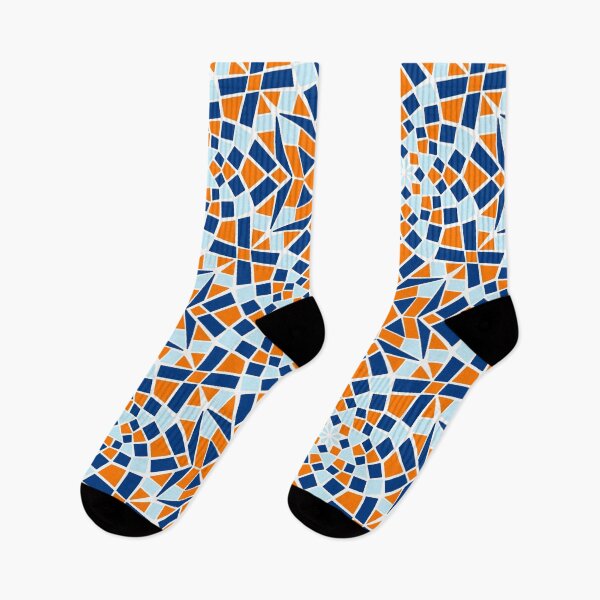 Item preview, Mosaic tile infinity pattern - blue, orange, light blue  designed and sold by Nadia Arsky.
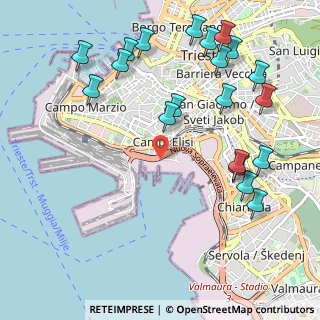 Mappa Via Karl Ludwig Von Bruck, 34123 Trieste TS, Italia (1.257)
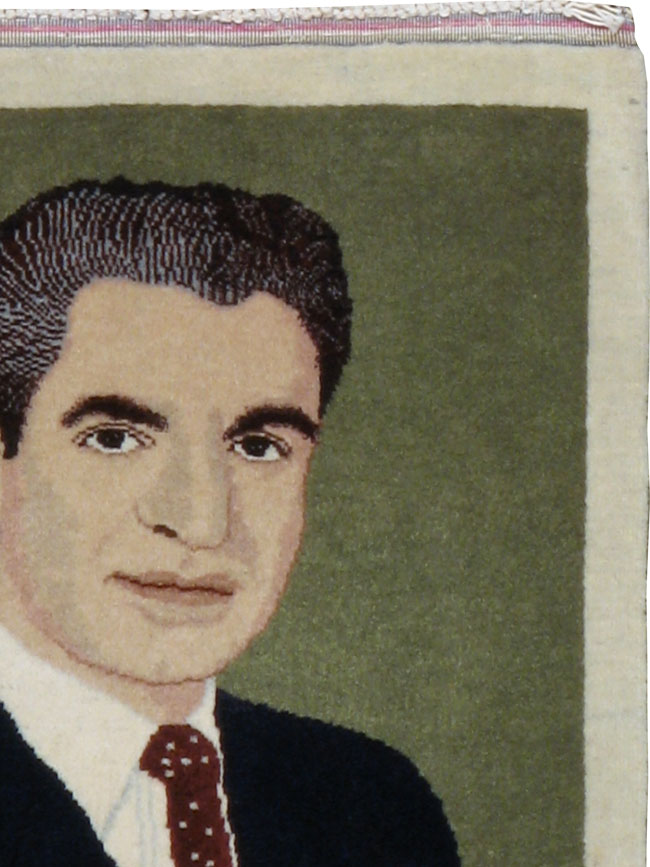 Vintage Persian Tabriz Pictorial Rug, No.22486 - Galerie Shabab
* * * * * * * * *
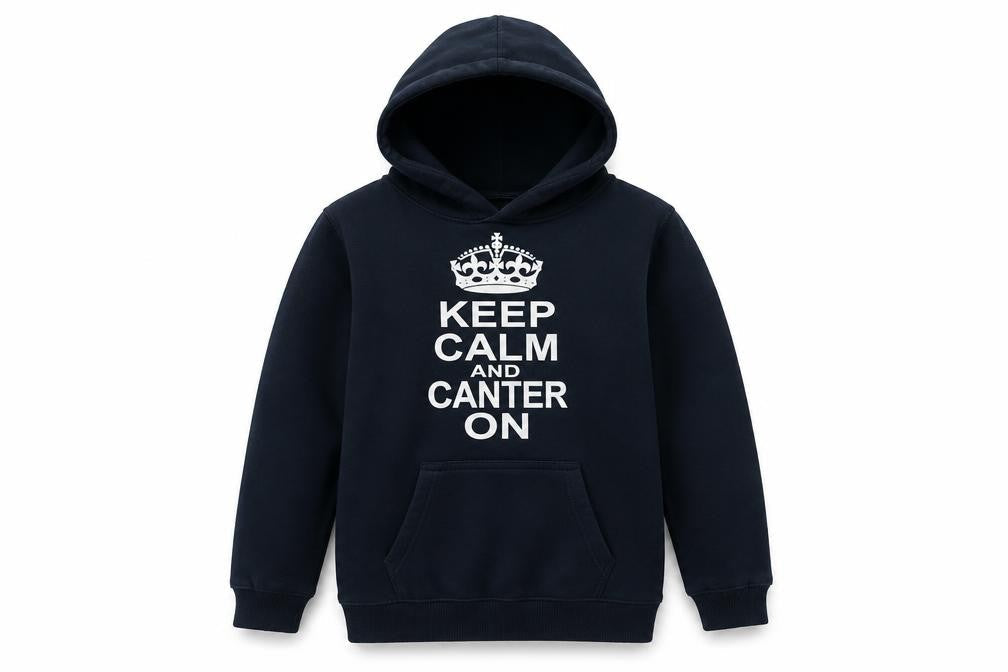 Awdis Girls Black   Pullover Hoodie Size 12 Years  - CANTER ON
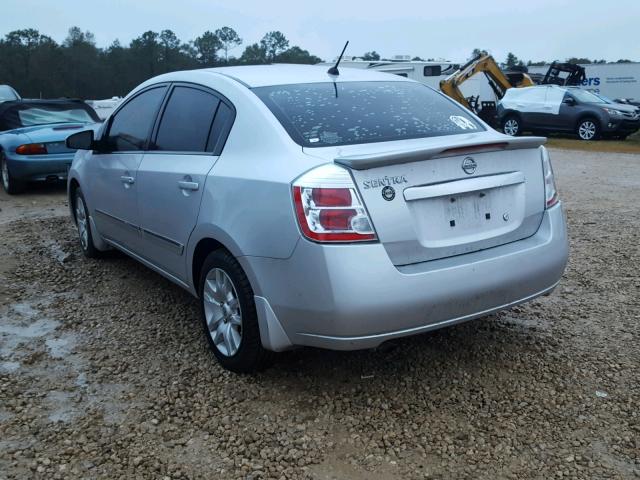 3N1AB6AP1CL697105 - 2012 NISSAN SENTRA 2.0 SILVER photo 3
* * * * * * * * *
WHAT THE TASK ASKS: Only one stretch of the data is wanted: write out exactly the lines from the one holding "Item preview, Mosaic" through the one holding "Vintage Persian Tabriz", both included, without the pictures.

ANSWER BOX:
 Item preview, Mosaic tile infinity pattern - blue, orange, light blue  designed and sold by Nadia Arsky.
 Mappa Via Karl Ludwig Von Bruck, 34123 Trieste TS, Italia (1.257)
 Vintage Persian Tabriz Pictorial Rug, No.22486 - Galerie Shabab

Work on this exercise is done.